By: Stefan Engström (StefanEng86) 2015-03-11 17:43:48.017-0500

This crash with a nearly identical footprint happend on an Asterisk 13.1.0 installation. When I get to the office tomorrow I'll try locate the coredump, and if it happens again, I'll provide additional logs, too.

By: Rusty Newton (rnewton) 2015-03-13 17:47:24.477-0500

Stefan, thanks. Make sure, if you can to recompile Asterisk with the appropriate flags so that the backtrace will be useful. See the instructions here: https://wiki.asterisk.org/wiki/display/AST/Getting+a+Backtrace



By: Stefan Engström (StefanEng86) 2015-03-14 06:07:05.563-0500

Unfortunately this crash has NOT happend again in the last week despite robots calling the queue with queue-timers.

Moreover, unfortunately the one crash was done on an asterisk-13.1.0 with a few custom small patches applied to it. I did find the crash-log and I cannot see how this crash could not have happend with untouched asterisk-13.1.0-code as the patches does not really alter logical flow. I attach those patches too but note they are not code contributions, they are just old patches applied to a special installation.

What is the real possible harm in putting a qe.pr=NULL; in the leave_queue code? (cf mjordans post)

By: Matt Jordan (mjordan) 2015-03-23 09:42:51.394-0500

[~StefanEng86]: I think putting a {{qe.pr = NULL; }} would not be a bad idea. Since other locations check to see if that pointer is NULL before dereferencing it, setting it to NULL after being freed is probably appropriate.

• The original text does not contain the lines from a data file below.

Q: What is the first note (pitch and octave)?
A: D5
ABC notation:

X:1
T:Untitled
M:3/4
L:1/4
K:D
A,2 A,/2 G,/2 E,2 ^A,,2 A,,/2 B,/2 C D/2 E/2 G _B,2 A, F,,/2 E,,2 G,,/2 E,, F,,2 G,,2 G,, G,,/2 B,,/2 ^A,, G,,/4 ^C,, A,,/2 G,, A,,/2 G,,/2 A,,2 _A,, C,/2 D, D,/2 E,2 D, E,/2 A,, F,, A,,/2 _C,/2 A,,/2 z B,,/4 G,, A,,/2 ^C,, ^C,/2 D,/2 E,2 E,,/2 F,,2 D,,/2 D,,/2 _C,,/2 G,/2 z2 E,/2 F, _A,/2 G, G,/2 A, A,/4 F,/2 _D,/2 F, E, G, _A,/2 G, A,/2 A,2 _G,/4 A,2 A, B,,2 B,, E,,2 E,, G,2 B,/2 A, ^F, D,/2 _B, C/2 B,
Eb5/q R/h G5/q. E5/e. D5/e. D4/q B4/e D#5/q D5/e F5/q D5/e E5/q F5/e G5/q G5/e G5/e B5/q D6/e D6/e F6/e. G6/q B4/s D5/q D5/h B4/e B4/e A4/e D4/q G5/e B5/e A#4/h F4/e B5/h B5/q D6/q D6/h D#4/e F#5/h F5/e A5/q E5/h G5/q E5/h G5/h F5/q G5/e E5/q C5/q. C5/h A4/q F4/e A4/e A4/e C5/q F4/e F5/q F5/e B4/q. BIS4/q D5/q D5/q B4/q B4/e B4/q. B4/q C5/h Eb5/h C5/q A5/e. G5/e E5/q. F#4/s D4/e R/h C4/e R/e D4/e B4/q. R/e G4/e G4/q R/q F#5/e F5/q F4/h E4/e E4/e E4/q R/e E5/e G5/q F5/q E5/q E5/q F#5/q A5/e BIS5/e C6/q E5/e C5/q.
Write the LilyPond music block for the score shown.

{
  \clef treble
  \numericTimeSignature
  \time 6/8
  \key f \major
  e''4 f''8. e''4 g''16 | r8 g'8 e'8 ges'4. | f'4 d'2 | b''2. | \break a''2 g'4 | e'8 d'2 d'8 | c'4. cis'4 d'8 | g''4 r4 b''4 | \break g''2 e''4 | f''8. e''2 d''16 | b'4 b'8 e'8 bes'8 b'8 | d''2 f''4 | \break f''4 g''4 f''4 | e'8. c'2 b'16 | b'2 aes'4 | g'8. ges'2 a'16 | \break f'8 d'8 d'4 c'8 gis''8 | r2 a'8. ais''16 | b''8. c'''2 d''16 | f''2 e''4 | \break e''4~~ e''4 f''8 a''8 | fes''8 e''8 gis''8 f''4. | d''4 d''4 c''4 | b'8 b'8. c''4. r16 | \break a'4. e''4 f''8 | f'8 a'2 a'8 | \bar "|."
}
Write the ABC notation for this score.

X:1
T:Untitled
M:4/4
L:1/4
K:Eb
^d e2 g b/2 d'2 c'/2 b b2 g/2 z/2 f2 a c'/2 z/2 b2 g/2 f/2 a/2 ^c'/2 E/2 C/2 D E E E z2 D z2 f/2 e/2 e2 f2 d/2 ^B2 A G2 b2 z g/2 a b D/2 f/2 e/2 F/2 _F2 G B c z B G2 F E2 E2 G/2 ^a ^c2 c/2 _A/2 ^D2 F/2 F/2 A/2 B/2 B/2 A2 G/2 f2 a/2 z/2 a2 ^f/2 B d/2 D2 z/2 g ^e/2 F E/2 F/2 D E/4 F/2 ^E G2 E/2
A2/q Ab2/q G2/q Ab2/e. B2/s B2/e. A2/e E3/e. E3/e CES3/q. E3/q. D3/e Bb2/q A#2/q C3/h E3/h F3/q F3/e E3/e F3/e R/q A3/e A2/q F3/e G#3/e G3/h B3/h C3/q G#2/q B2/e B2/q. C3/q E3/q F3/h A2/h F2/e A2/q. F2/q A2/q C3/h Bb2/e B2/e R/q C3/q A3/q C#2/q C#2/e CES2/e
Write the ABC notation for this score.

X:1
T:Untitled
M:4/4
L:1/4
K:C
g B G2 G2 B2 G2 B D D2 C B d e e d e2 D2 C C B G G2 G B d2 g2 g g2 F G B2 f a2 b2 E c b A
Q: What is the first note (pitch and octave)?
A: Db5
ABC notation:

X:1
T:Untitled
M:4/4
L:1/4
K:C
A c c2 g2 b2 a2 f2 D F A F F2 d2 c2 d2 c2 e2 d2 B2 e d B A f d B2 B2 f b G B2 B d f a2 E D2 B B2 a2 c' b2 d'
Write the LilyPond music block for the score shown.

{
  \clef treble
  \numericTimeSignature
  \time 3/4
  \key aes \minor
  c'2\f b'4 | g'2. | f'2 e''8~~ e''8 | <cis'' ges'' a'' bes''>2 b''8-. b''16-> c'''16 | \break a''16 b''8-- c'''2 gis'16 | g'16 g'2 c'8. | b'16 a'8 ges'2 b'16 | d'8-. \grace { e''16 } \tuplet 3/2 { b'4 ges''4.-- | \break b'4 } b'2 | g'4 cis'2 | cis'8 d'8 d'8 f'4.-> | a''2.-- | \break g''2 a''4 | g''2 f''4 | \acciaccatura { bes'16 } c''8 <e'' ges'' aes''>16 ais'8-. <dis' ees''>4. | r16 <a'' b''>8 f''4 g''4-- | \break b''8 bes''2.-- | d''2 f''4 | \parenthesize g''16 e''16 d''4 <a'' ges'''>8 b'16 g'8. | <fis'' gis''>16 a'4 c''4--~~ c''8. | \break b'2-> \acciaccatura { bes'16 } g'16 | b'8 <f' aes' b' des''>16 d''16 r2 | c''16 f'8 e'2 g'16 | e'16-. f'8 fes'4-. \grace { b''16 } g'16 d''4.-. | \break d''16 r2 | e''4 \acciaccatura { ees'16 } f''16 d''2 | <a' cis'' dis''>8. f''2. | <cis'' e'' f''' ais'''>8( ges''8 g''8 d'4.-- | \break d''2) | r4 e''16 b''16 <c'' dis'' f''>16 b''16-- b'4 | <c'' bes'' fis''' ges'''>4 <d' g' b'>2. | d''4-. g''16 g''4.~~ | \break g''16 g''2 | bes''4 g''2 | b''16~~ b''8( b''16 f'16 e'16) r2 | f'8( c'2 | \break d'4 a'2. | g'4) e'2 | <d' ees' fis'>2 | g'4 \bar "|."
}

If you'd like to provide that patch, that'd be great - you can find information on providing a patch back to the project at [https://wiki.asterisk.org/wiki/display/AST/Patch+Contribution+Process].

By: Stefan Engström (StefanEng86) 2015-03-25 08:11:16.213-0500

https://reviewboard.asterisk.org/r/4522/

By: Rusty Newton (rnewton) 2015-04-08 09:52:25.686-0500

Stefan or Vadim, have either of you been able to reproduce this crash again?

By: Matt Jordan (mjordan) 2015-04-08 21:05:40.697-0500

I've committed [~StefanEng86]'s patch on review board to 11+. If this issue happens again with this patch, we can re-open the issue.

[~StefanEng86]: thanks for the contribution!